そんなのほほんとした生活を満喫していたある日、事件が起きました。
時刻は夕方。
外はかなり吹雪いてます。
「ん?ネージュ、どうしたの?」
暖炉前で一緒にごろごろしていたネージュが、突然立ち上がって東の庭の方を見ています。
窓の外は吹雪で視界は数メートルしかありません。
探知全開!
人らしき反応が六つ。
一人はソード君っぽい。
雪の中を歩いて進んでいるようで、玄関の方に近づいています。
慌てて玄関ホールに行ったら、呼び鈴が鳴りました。
あ、もう一人の反応も分かった。
お兄ちゃんだ。
あと一人も人物までは分からないけど、記憶にある反応です。
このメンバーなら大丈夫だろうと、ドアを開けました。
「お嬢、すまん。トラブルが有って避難してきた。女性だけでも保護してもらえないか?」
「緊急時なんでしょ?遠慮しないでみんな早く入って」
みんなを玄関ホールに呼び込むと、ソード君、副長さん、お兄ちゃん、知らない十五歳くらいの若い兵士さん、知らない十二、十三歳前後の少女二人の計六人だった。

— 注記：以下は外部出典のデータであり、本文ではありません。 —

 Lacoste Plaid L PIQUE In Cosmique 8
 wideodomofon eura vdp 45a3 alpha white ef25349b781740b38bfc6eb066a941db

コートと靴を脱がせ、玄関横にある外着乾燥スペースに掛けて温風器スイッチON。
一年の内、半年近くが雪に覆われる地域だから、コートや靴を乾燥出来るスペース作ってあるんだ。
羽織ってた毛布は多すぎるから、ひと段落したら二階の階段フロアに干しに行こう。
こないだから作り貯めてたスリッパ出して、みんなをリビングへ。
十代前半っぽい女の子二人はがたがた震えてるから、カウチソファーを暖炉前に持ってって座らせました。
男どもは自分でダイニングのイス持ってきてね。
私はお茶の用意(カップ、暇つぶしにいっぱい作っといてよかった)をしながら事情を聞きました。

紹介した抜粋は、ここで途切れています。